→ **WHAT TO PRODUCE**: Please reproduce the data exactly, though every picture must stay out.

Top of RECORD EXCERPTS

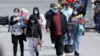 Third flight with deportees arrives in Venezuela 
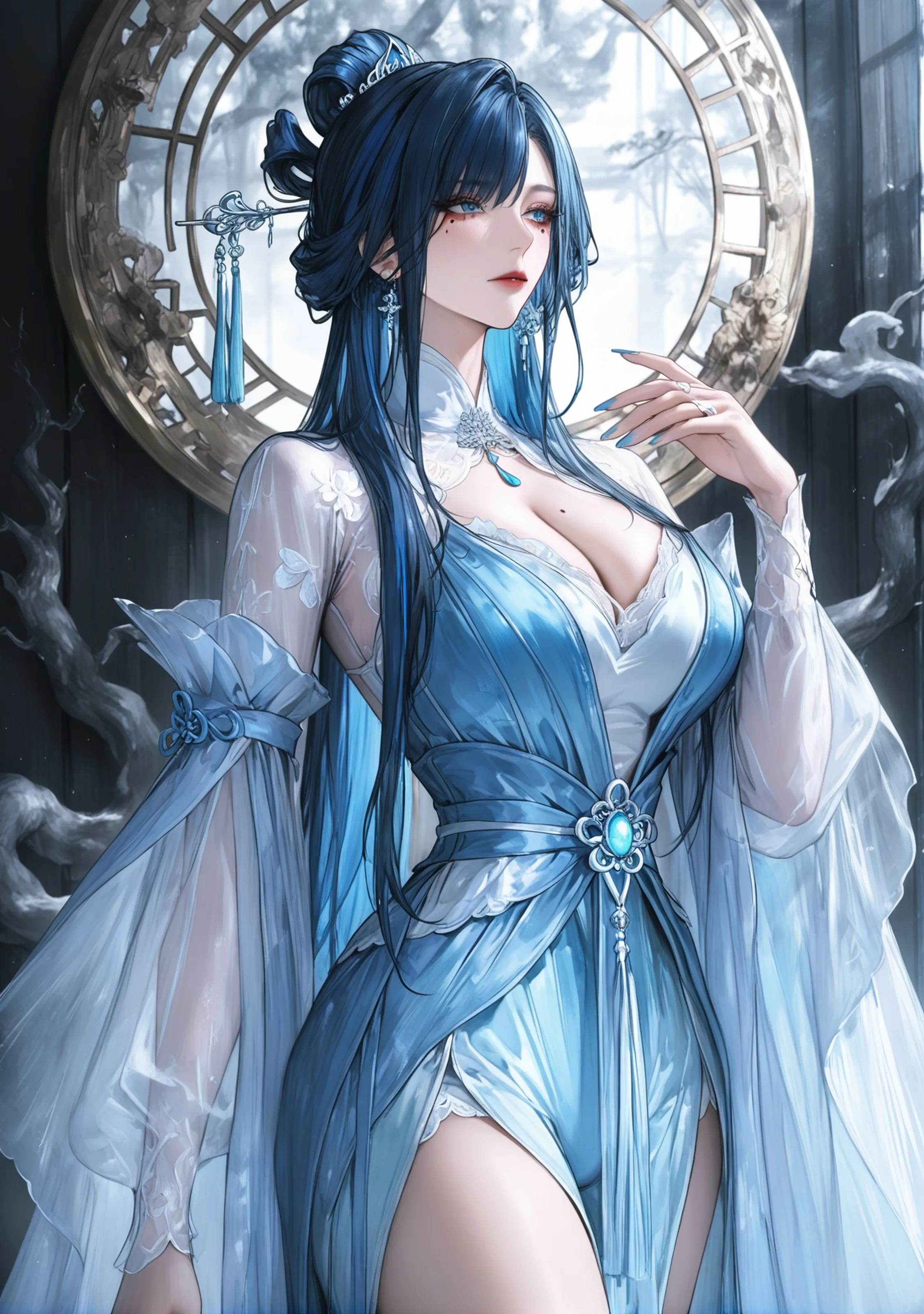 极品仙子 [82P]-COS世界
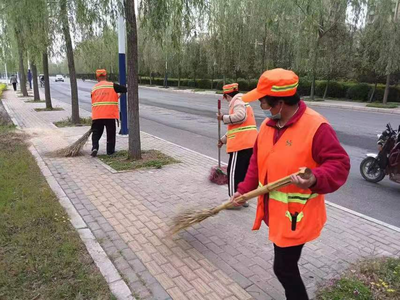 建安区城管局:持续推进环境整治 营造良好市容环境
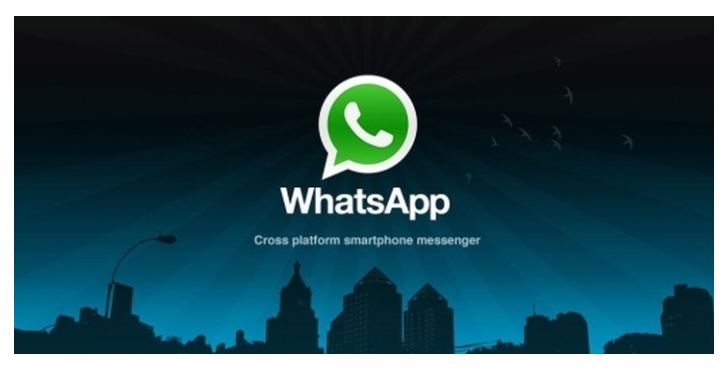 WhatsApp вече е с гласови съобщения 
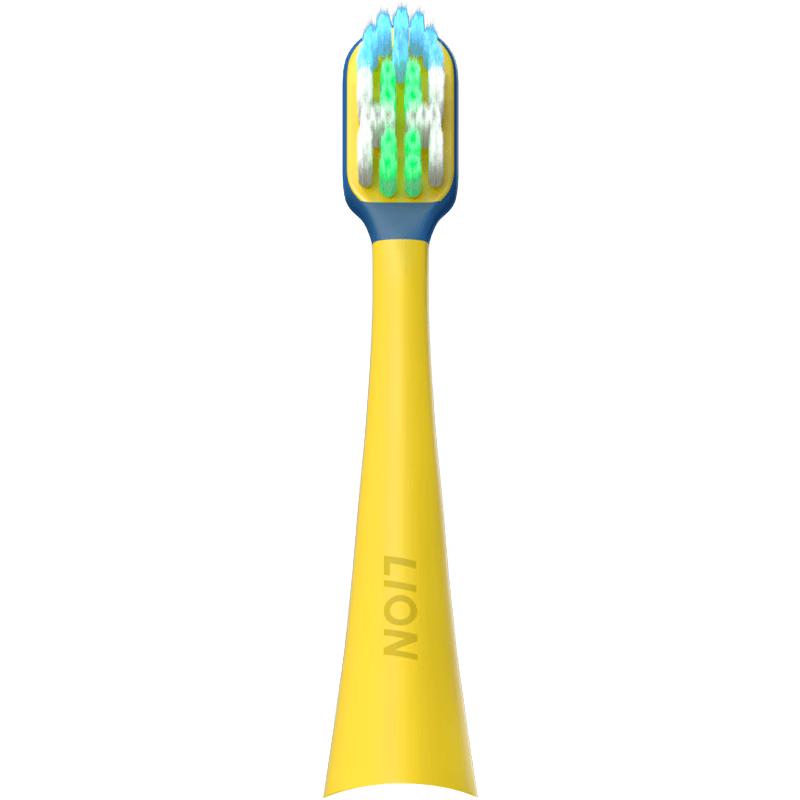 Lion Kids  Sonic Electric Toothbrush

Bottom of RECORD EXCERPTS

→ **EXPECTED OUTPUT**:
 Third flight with deportees arrives in Venezuela 
 极品仙子 [82P]-COS世界
 建安区城管局:持续推进环境整治 营造良好市容环境
 WhatsApp вече е с гласови съобщения 
 Lion Kids  Sonic Electric Toothbrush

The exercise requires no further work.